In 2018 the Australian Government awarded $70 million to upgrade Pawsey’s supercomputing infrastructure, on top of the $80 million granted in 2009 to establish a petascale supercomputing facility.
The Pawsey upgrade, as a major part of the national HPC infrastructure, is ensuring Australia continues to enable computationally-intense research.
Pawsey capital refresh is a complex upgrade will be a staged process. Some ancillary systems, including storage and network infrastructure, have been procured prior to the main system.
The delivery of the main supercomputing is expected to occur in two-phases.
The first phase will provide researchers with a system that is at least equivalent in capacity to what they are currently using, with the latest generation of processors and increased memory per node.
During this phase, researchers with an active allocation on Magnus will transition to the new system.

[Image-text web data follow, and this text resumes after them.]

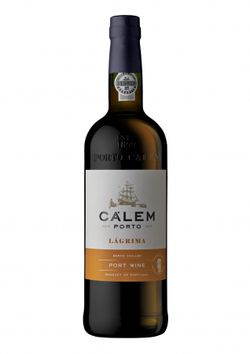 Cálem Porto White Lágrima 19,5% 0,75l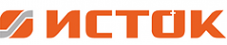 Логотип компании ИСТОК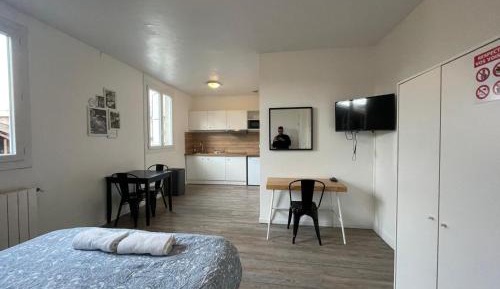 Standard Apartment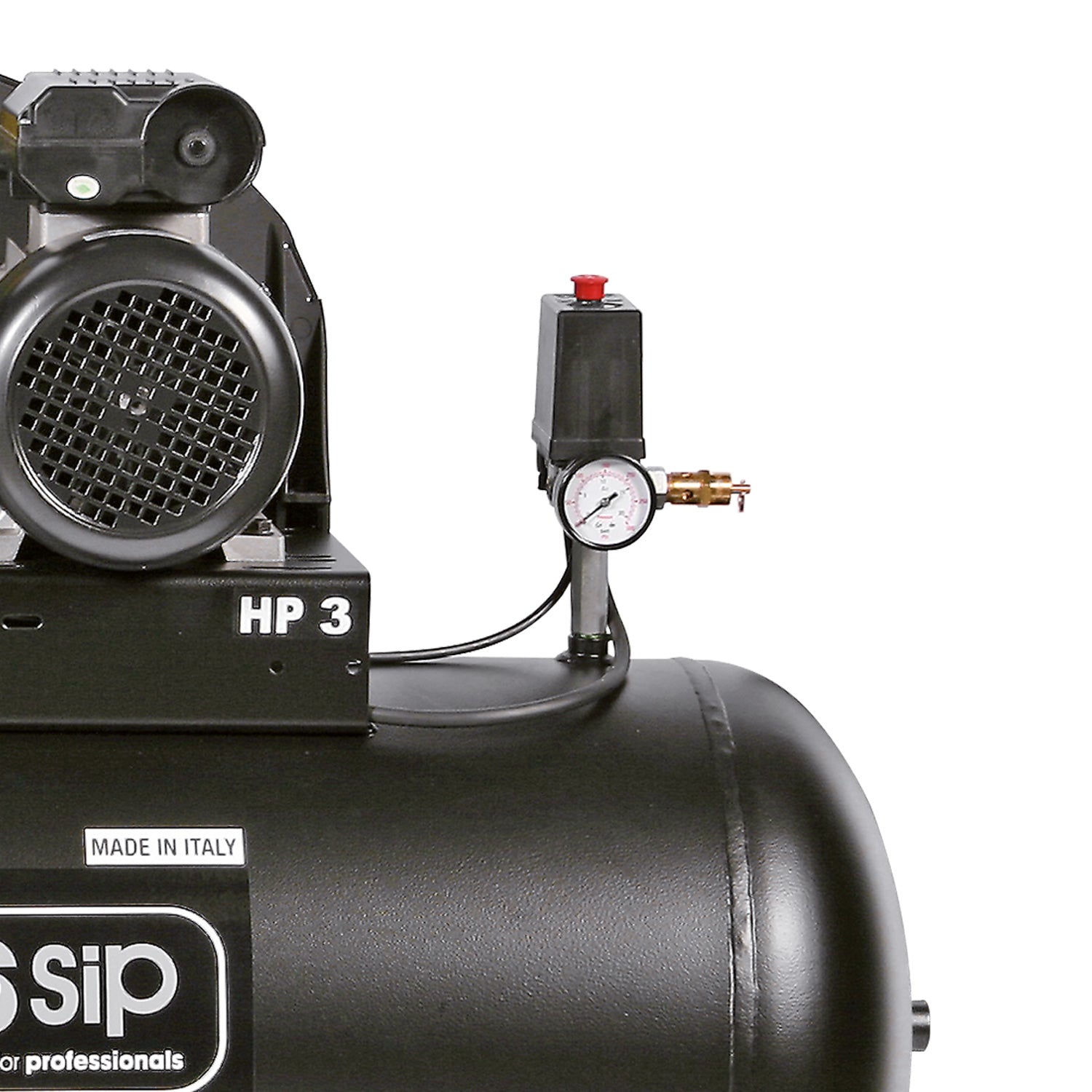 SIP PX3/150-SRB 150ltr Belt Drive Compressor - 05300 - airlinkcompressors.com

Phase one is due to be commissioned in mid-2021.
The second phase is expected to be in production by mid-2022. It will provide an exponential expansion in capacity and state-of-the-art technology.
You can see all the parts that make the Capital Refresh Project on the infographics displayed at the bottom of this page or they can be download here.
On 24 February 2021, The Pawsey Supercomputing Centre announced the name of the new supercomputer – Setonix. will be delivered by Hewlett Packard Enterprise (HPE) as part of the biggest upgrade to the Pawsey computing infrastructure since the centre opened in 2009. The new supercomputer will deliver up to 50 petaFLOPs, or 30 times more compute power than its predecessor systems Magnus and Galaxy, to help power the future high-impact Australian research projects.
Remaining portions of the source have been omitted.